Images do not belong in the copy. Retype all the entries below exactly.
━━━━━ Exercise inputs
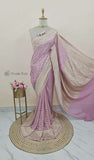 Banarasi Handloom Khaddi Georgette Saree With Water Zari-Baby Pink-Truth Fab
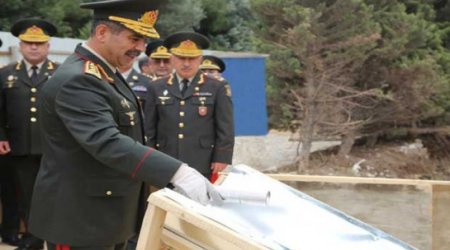 Silahlı Qüvvələrinin Baş Qərargahı üçün yeni binanın təməli qoyulub
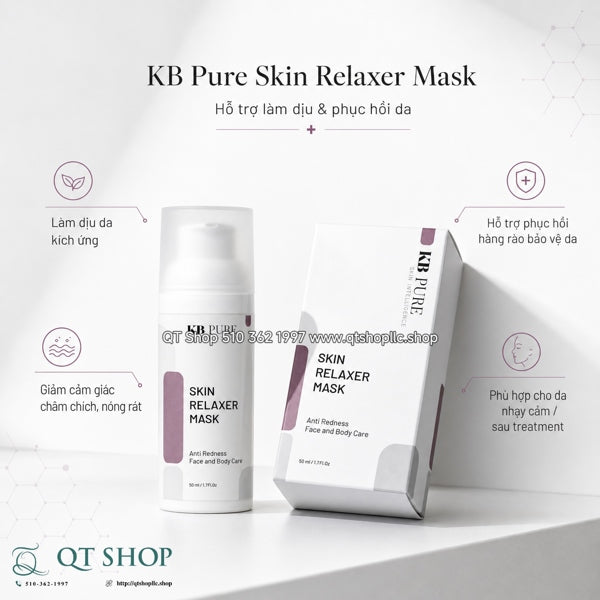 KB Pure - Skin Relaxer Mask 50ml - Kem Mặt nạ phục hồi & làm dịu da khẩn cấp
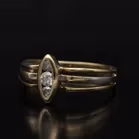 Gold Art Deco Design Diamond Ring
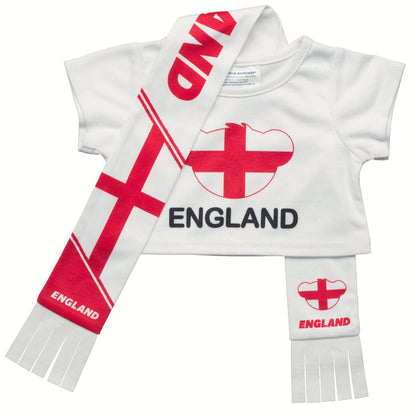 Let's Goal Bear England Gift Set | Build-A-Bear - US 2631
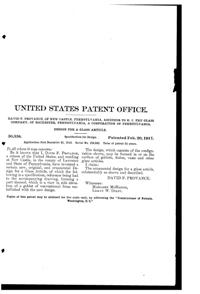 Fry Etched Goblet Design Patent D 50358-2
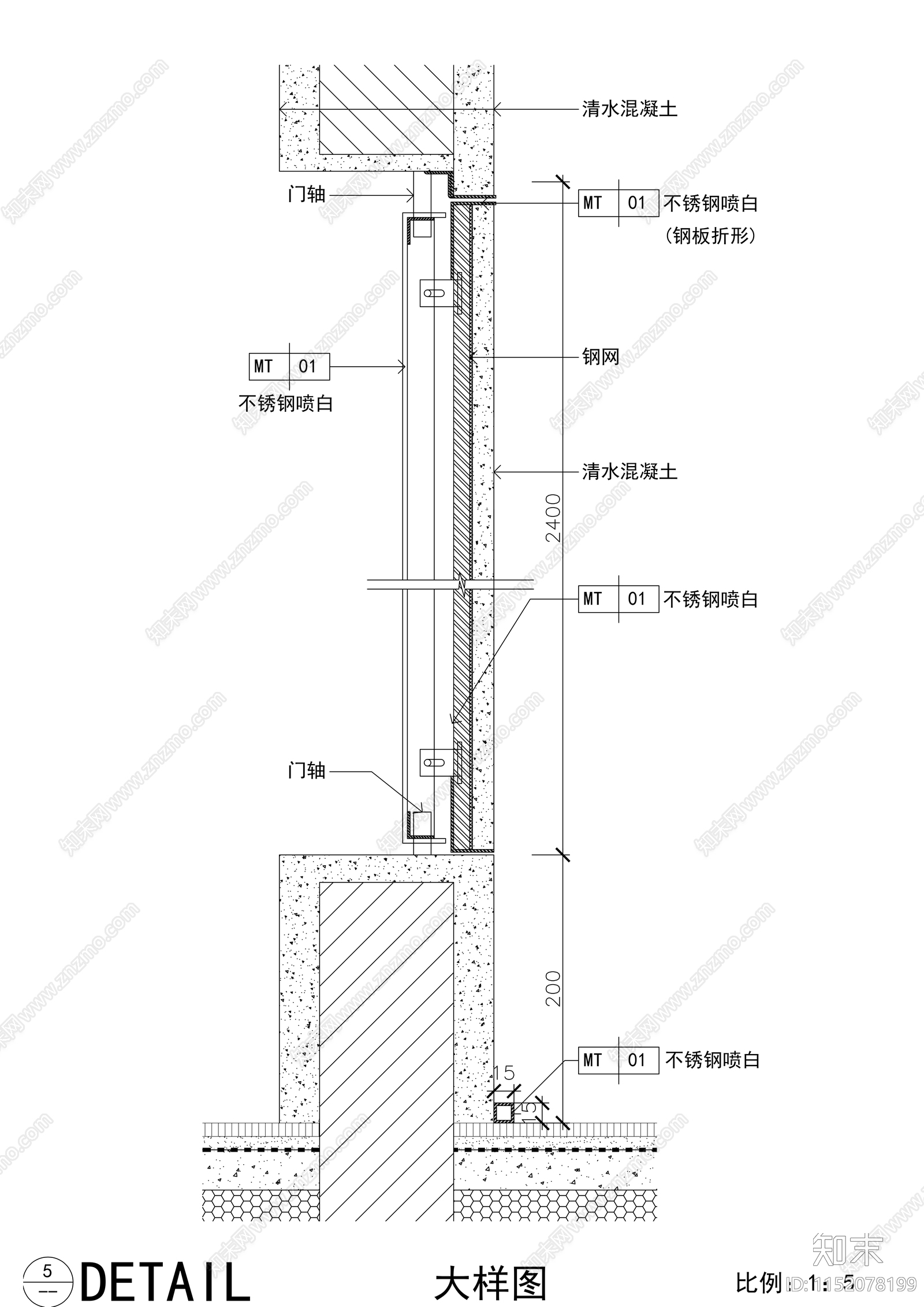 暗门节点大样图施工图下载【ID:1152078199】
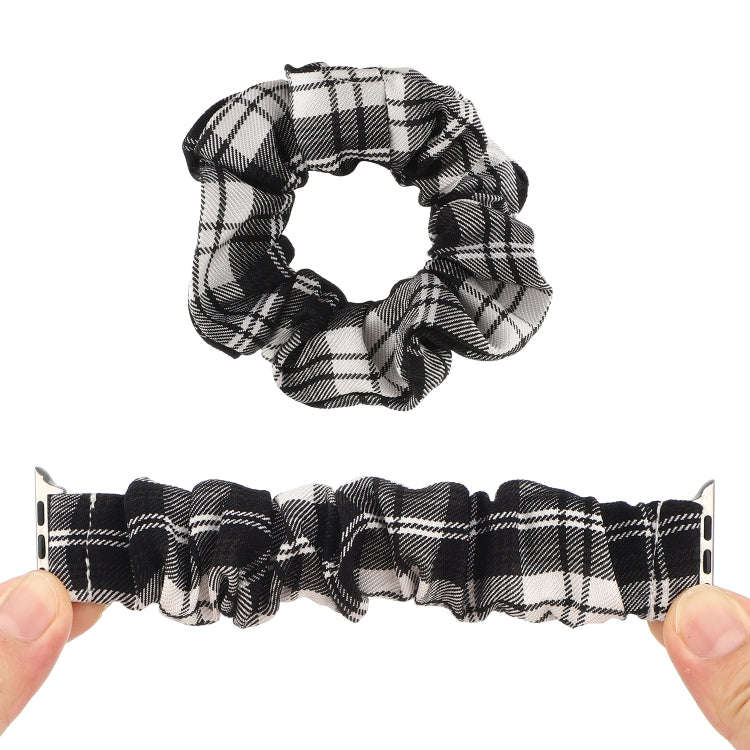 For Apple Watch Series 7 45mm / 6 & SE & 5 & 4 44mm / 3 & 2 & 1 42mm JK Uniform Style Cloth + Sta...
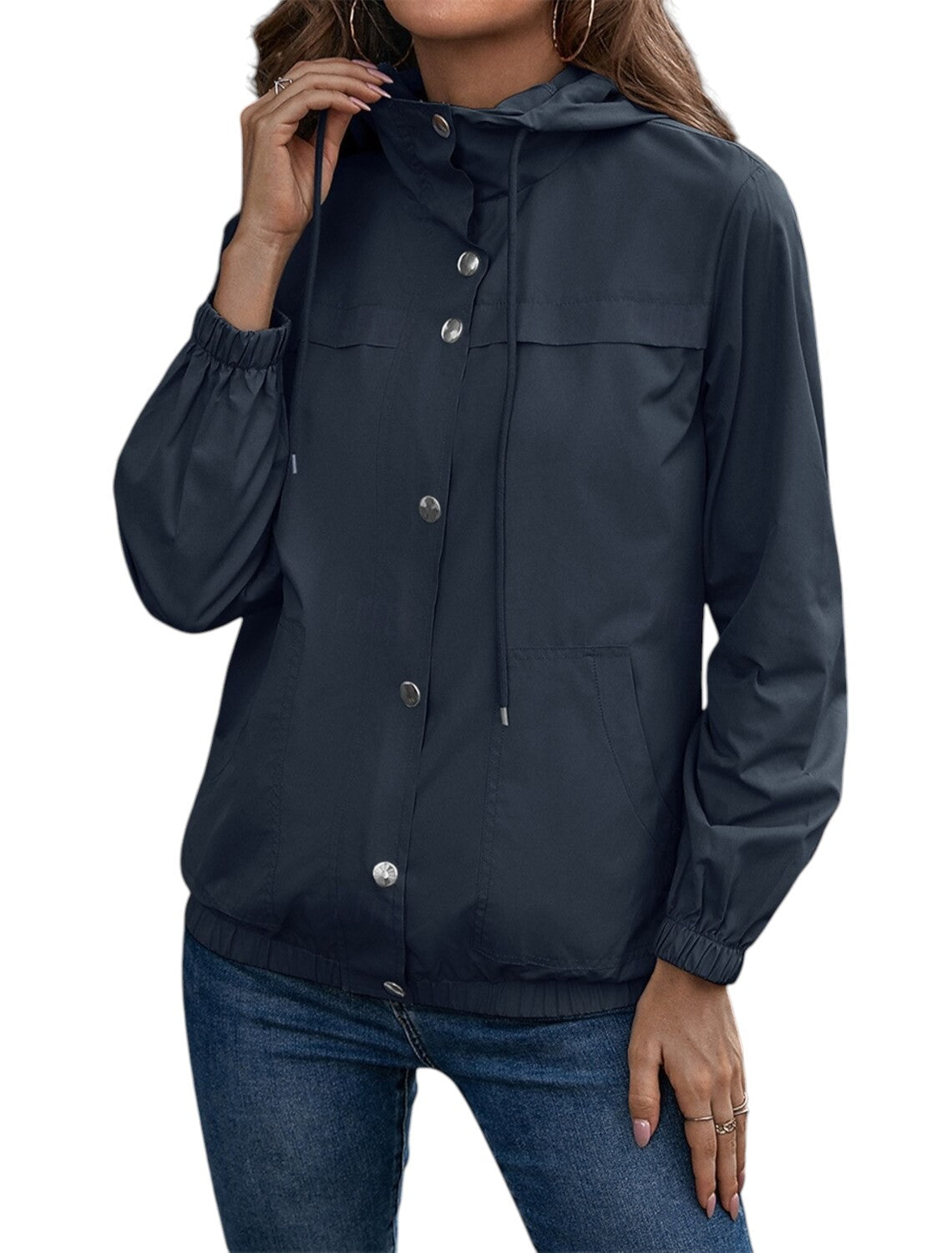 Casual Zomerjas Met Capuchon voor Dames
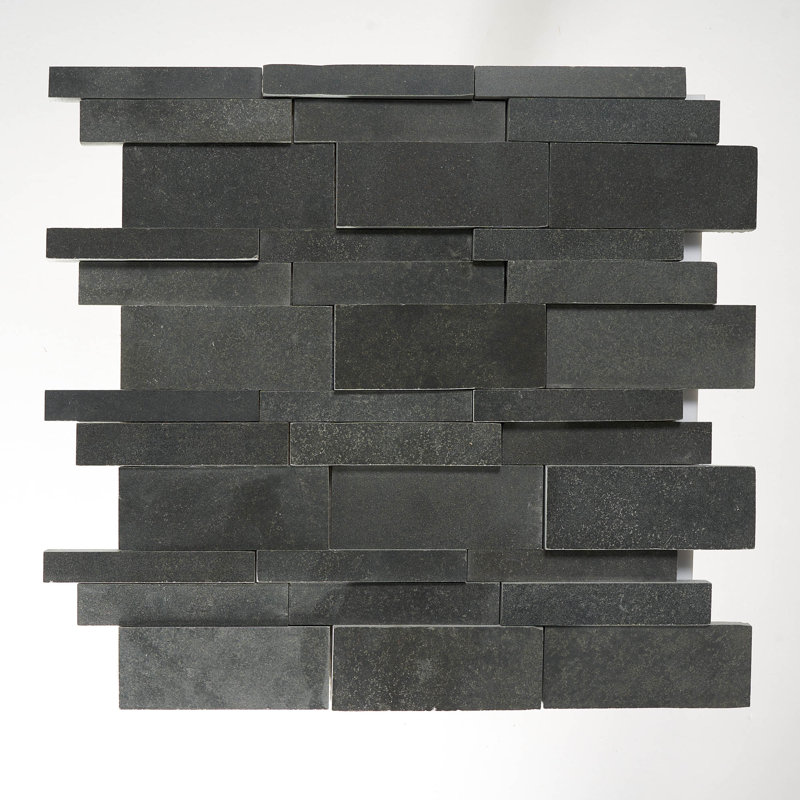 Stealth 0.4" x 11" Basalt Linear Mosaic Wall & Floor Tile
━━━━━━━━━━
* Task response
 Banarasi Handloom Khaddi Georgette Saree With Water Zari-Baby Pink-Truth Fab
 Silahlı Qüvvələrinin Baş Qərargahı üçün yeni binanın təməli qoyulub
 KB Pure - Skin Relaxer Mask 50ml - Kem Mặt nạ phục hồi & làm dịu da khẩn cấp
 Gold Art Deco Design Diamond Ring
 Let's Goal Bear England Gift Set | Build-A-Bear - US 2631
 Fry Etched Goblet Design Patent D 50358-2
 暗门节点大样图施工图下载【ID:1152078199】
 For Apple Watch Series 7 45mm / 6 & SE & 5 & 4 44mm / 3 & 2 & 1 42mm JK Uniform Style Cloth + Sta...
 Casual Zomerjas Met Capuchon voor Dames
 Stealth 0.4" x 11" Basalt Linear Mosaic Wall & Floor Tile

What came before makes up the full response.